Pick a number between one and ten. You picked the number seven. Was I right? Doesn’t matter, the point is there’s a slim chance you picked one or ten. The reason is simply because humans are bad at random number generating. Fear not! Computers are bad at it too, but that’s a problem for a world that revolves around cyber security. Randomness is so important to our daily lives, that we don’t even notice it… mostly.
Well I’m feeling better and to celebrate I finally have the energy to put some serious effort into my post today and I’m going to excite and titillate by talking about randomness. This may seem… random, but I’ve been giving it a lot of thought lately as a researcher because randomness is important to what we do, but as humans we can’t be trusted to create random numbers on our own and today we’re talking about why the hell that is good for the IRS, but bad for security and yes, even research.
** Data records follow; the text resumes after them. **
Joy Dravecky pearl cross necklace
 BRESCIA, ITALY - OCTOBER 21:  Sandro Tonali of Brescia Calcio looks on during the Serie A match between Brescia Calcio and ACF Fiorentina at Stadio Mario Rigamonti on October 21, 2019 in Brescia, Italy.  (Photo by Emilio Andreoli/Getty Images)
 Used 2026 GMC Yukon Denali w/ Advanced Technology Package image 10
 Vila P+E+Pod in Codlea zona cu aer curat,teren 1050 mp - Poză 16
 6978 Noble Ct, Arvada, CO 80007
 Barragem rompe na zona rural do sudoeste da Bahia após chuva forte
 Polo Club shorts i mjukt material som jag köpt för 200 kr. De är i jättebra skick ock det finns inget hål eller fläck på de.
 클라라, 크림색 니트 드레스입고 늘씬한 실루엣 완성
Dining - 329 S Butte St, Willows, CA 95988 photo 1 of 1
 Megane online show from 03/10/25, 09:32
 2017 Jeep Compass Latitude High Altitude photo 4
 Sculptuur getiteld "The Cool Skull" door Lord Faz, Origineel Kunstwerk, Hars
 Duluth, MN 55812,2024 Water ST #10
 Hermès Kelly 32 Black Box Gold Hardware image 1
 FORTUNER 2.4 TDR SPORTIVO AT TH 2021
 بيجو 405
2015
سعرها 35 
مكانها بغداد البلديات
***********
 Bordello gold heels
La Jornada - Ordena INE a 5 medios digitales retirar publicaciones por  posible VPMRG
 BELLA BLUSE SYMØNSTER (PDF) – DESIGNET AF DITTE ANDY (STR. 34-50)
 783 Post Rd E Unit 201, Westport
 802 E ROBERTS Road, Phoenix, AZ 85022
Randomized trials are a pain. Mostly because we’re stuck randomizing the numbers ourselves, even if we’re blinded to what the numbers correspond to, leaving a human to shuffle the numbers manually (I.E. writing them out on a piece of paper) leaves much to be desired. That’s because our definition of randomness and true randomness are two very different things. To us a perfectly random set of numbers between one and ten would look something like this:
8, 3, 7, 1, 9, 5, 2, 4, 10, 6
When true randomness may look closer to:
1, 4, 5, 6, 9, 2, 3, 10, 7, 8
In both cases, I did what we would do in research, I “randomly” selected numbers, but the second is truly more random than the first even though there are consecutive numbers in the string. If you, for example, put a playlist on random you may hear music from the same musician repeatedly and wonder why it’s broken. That’s because our definition of random isn’t really random, our definition is more like, well mixed, but ironically being “well mixed” actually makes it less random.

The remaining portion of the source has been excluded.